Esa oración pareció ser respondida al instante, pero no de la manera que ella esperaba. Su cuerpo chocó contra algo extraordinariamente duro y sólido, como chocar contra una pared de ladrillos.
El impacto la hizo tambalearse hacia atrás, casi cayéndose, si no fuera porque un par de brazos fuertes rodearon rápidamente su cintura, sosteniéndola con un agarre posesivo.
Un aroma familiar de perfume invadió sus sentidos. Elise levantó la vista lentamente, sus ojos desorbitados se encontraron con un par de ojos azules que la miraban fijamente.
La mandíbula del hombre se tensó y un aura de molestia espesa emanaba de él.
"¿S–Señor?" susurró Elise, tragando saliva con dificultad.
Diego chasqueó molesto. Su mirada se desvió del rostro pálido de Elise hacia Theo, quien ahora se detuvo a unos metros detrás de ellos con una expresión igual de sorprendida.
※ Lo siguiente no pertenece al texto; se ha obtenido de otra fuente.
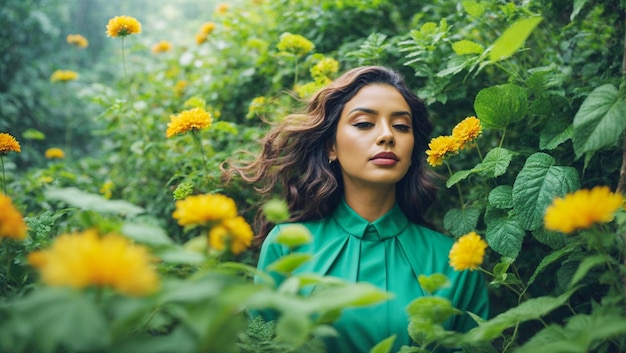 写真 黄色い花の茂った緑の庭の真ん中にカメラを見ている女性の肖像画 モデリング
"¡Cih! Te espero en casa y tú estás jugando a las persecuciones con un perro callejero. Qué molesto", dijo Diego con los ojos entrecerrados, como si evaluara a Theo de arriba abajo con una mirada desdeñosa.
"¡Mamá!" Alex se bajó del auto, se acercó a Elise y apartó suavemente la mano de Diego de la cintura de su madre.
"¿Mamá? ¿Así que la Señorita Elise está casada y tiene un hijo?" murmuró Theo en su corazón.